Let me start with a personal story about how frustrating constructing a knowledge graph can be without a good mapping editor.
In 2014 I entered the world of knowledge graph when joining the Ontop team. A year later, I was invited to give a tutorial on mapping construction during a two-days academic workshop dedicated to knowledge graphs in Humanities. During the first day of the event, I was glad to see that this community had a very good understanding of how knowledge graphs can support and enhance their work. And then came the second day of the workshop, the day when we had to put ideas into practice. During my tutorial, I observed that while perfectly understanding and having the best intent to use knowledge graphs, most of the audience struggled with the technicalities knowledge graph construction exposed them to. My audience had to deal with SQL queries, the mapping syntax and URLs to name a few. Many typos were made, some of which were hard to spot by the untrained eye. Most of our time had been spent on these technical details and little energy remained to discuss the design choices beyond the proposed modeling, which are far more interesting and valuable aspects of the knowledge graph design. It was on that second day when I realized that there was a huge lack of tooling that would hide most of these technicalities and let instead people focus on what matters the most.

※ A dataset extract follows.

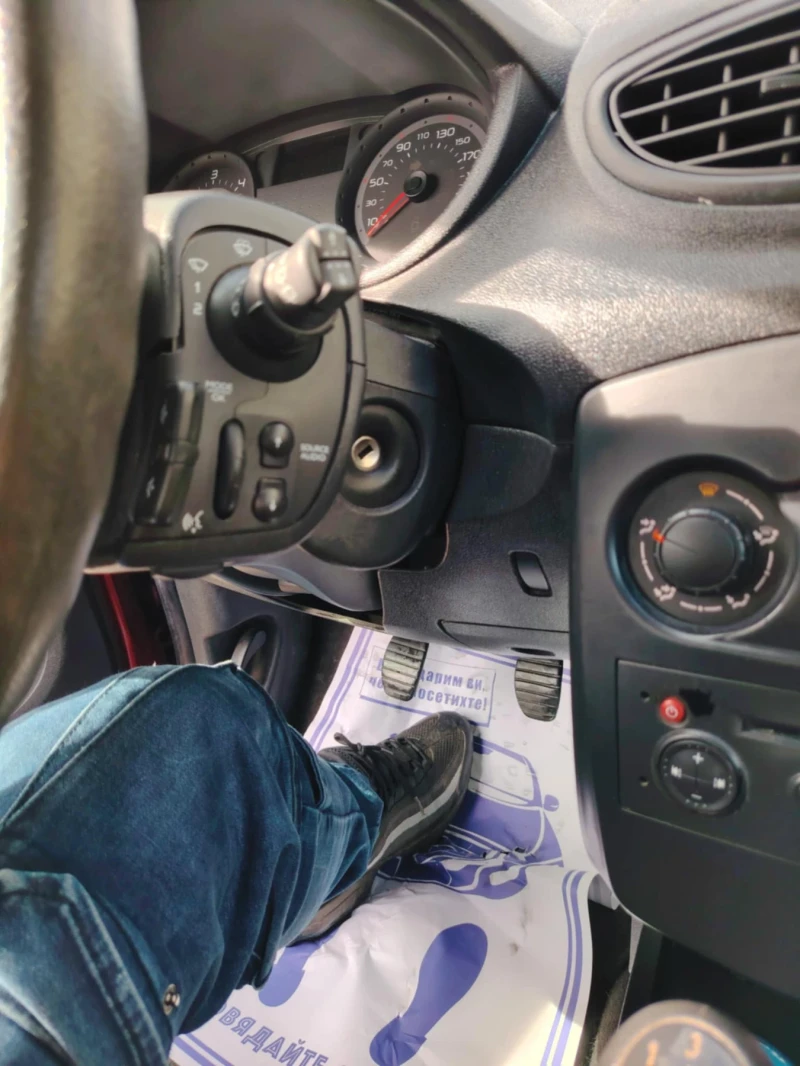 Renault Clio, снимка 8 - Автомобили и джипове - 52309124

Since then, me and colleagues in the Ontop team and later on at Ontopic, began searching for tooling and thinking about how we can make constructing knowledge graphs a better experience for people who don’t want to deal with technicalities and aim to focus on bringing in their knowledge about the domain and the data sources. Over the years, we got a more and more precise idea of the support a great mapping editor should provide. We observed that our criteria were not fully addressed by existing tools. Many tools were good at some of the criteria, but none combined all of them. For instance, while some editors would let you write complex mappings, they didn’t visualize data or let you efficiently search. And this became a key motivation for us to create Ontopic Studio.
In this post, we will first give a brief overview of the main approaches adopted by mapping editors and then you will read about the main things we consider as essential when choosing a mapping editor.

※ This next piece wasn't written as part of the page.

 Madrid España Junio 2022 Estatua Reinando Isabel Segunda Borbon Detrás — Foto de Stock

Main approaches followed by mapping editors
Mapping editors can be grouped in the following categories: text editors, domain specific languages, visual editors and form-based editors.
Text editors and domain specific languages
The most common category are text editors, which let users directly edit the text representation of a mapping language, which can be R2RML or RML, or, most of the time, a syntactic variant of them. Examples are the Ontop Protégé plugin with the native Ontop format (which was used during my tutorial), the YARRRML editor Matey and Stardog Studio with the Stardog Native Syntax 2 format (SMS2).
One step further from using a custom mapping language is creating a dedicated Domain Specific Language (DSL), which enables further guidance from the code editor through a more suggestive and precise autocompletion. The Expressive RDF mapping from Zazuko is the best representative of this category we are aware of.
And then there are the two categories which are part of the low-code/no-code movement, which aims at minimizing the exposure to “code”, which in our context can be understood as mapping syntax and SQL queries
Low-code/no-code: visual and form-based editors
Visual editors let users add classes as nodes in a graph diagram and properties as node attributes or edges between the nodes. Database relations or SQL queries are then attached to the nodes, attributes and edges to specify the mapping. Examples of this category include RMLEditor, Stardog Designer and Gra.fo.
Finally, with form-based editors users specify their mapping entries using forms, where values like classes, properties, database relations and columns can be selected in menus. Tools in this category include Eccenca Corporate Memory and Ontopic Studio.
Important things to consider when choosing a mapping editor
1. Keeping the technicalities as low as possible
Avoiding being distracted by technicalities is key when constructing a mapping. Technicalities too often discourage people or distract them from what is really important. To get back to my tutorial example at the beginning, eliminating technicalities is vital for the people involved in the knowledge graph project as this would allow them to focus on their subject matter expertise and make the most of the knowledge graph potential to manage and create knowledge. That is precisely what we should aim at: having the most productive interaction with subject matter experts so as to let their hard-learned knowledge bring value to the knowledge graph. This is where our attention should go. This requires a particular mode of thinking, which is, in our experience, very different from the one needed for handling the technicalities with all the rigorousness they require.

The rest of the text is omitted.